Oysa iletişim, insan davranışlarının net bir şekilde yansımasını sağlayan temel bir kurgunun öğesidir. İki insan birbirinin farkına vardığı andan itibaren iletişim başlar. Tüm bedensel ahvali içinde bunu anlayamamak mümkün değil. Bizim başkalarını, başkalarının da bizi anlamasını yarayan bir süreçten bahsediyorum. Özellikle belirtmeliyim ki iletişim kurarken ne söylediğimizden ziyade söylemek istediklerimizi nasıl ifade ettiğimizin önemini aksetmek birincil görev olmalı. Başka bir deyişle üslup, iletişim tarzımızın belirleyici unsurudur. İşte iletişimin kimliği şu kilit noktayla daha anlaşılır. Üslubu es geçmek iletişimin değerlendirilmesindeki asıl amacın akışını bozacaktır. Çünkü anlamların paylaşılma süreci üsluptan geçmektedir.

Ve iyi bir iletişimin insan hayatına getirileri;

Kendini tanıma ve karşındakini tanıma

İletişim kurma ve iletişim sürecini anlama

Empati sağlama, bu noktada açık olmak, dili doğru kullanmak

Problem giderme, İşlerin akışının hızlanması

Dinleme algısı, hepimizin mustarip olduğu bir konu ki insanlar iletişim kurarken karşındaki insanı dinlemeyi alışkanlık haline getirebiliyor, doğru iletişimle.

Ve böylelikle mesajlar hedef kitlede.

İnsanların en başta gelen ihtiyaçlarından biri anlaşılmaktır. Nitekim iletişim önemli!
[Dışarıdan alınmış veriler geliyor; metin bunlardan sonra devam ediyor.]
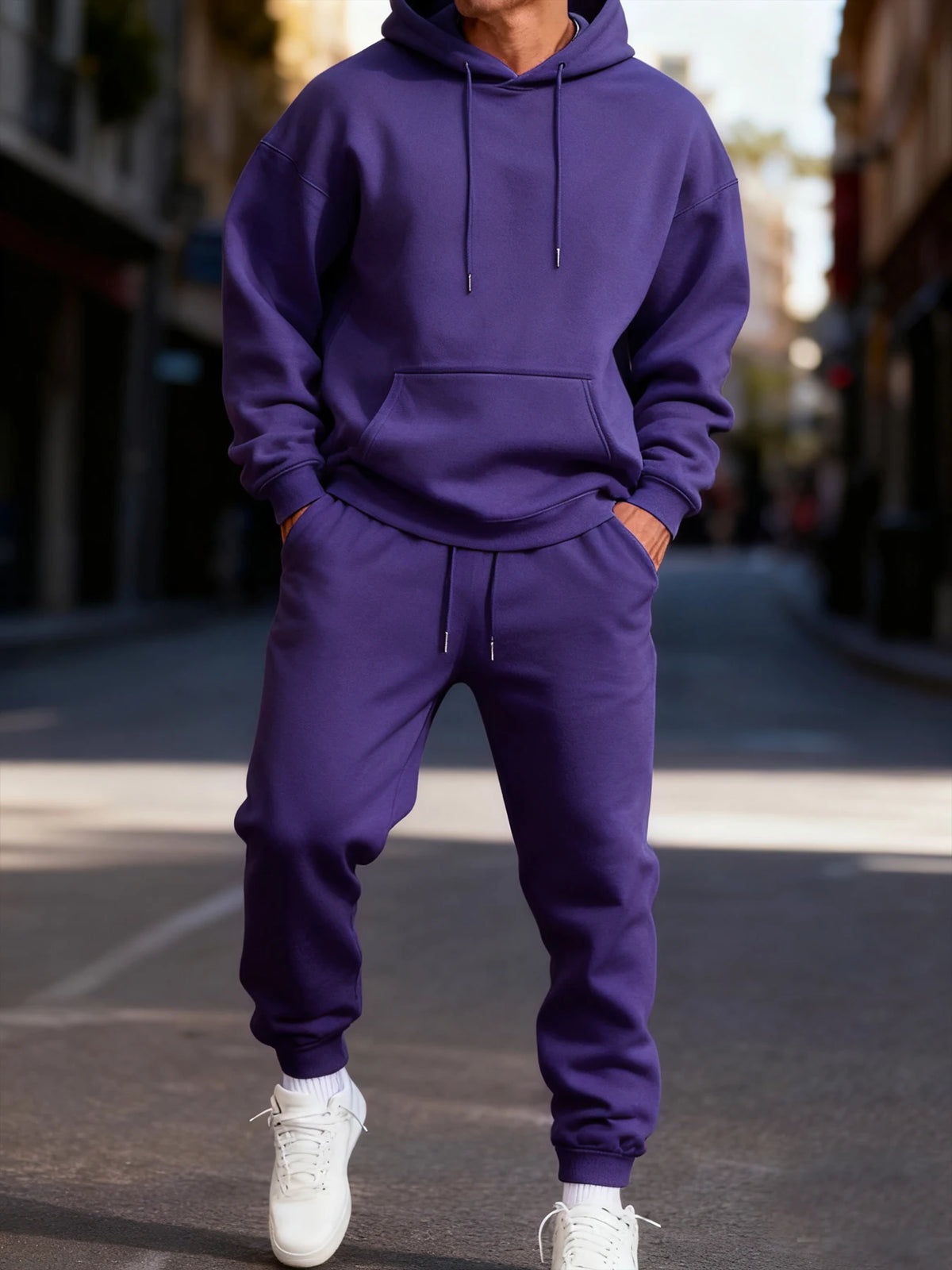 Solid Colour Long Hoodie & Sweatpant Set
Hayatın anlamı, insanın varoluş nedeni, hayatta kalmak güdüsü… Hepsi ve daha fazlası kurgunun ardına gizleniyor, farkına varmadan.

İletişimsizlikte kayboluyor insan…

Yazmak, konuşmak fuzuli hale geliyor, bir süre sonra.

Cehalet, ölüm, öfke, yanlış anlaşılma, evlilikler, boşanmalar, katliamlar vs. birçok şeyin hayatımızda anlamlandırılmamasına maruz kalıyoruz.

Bunlar kurgu değil, gerçeğin kendisi, bir toplum için yanlış iletişim felaket.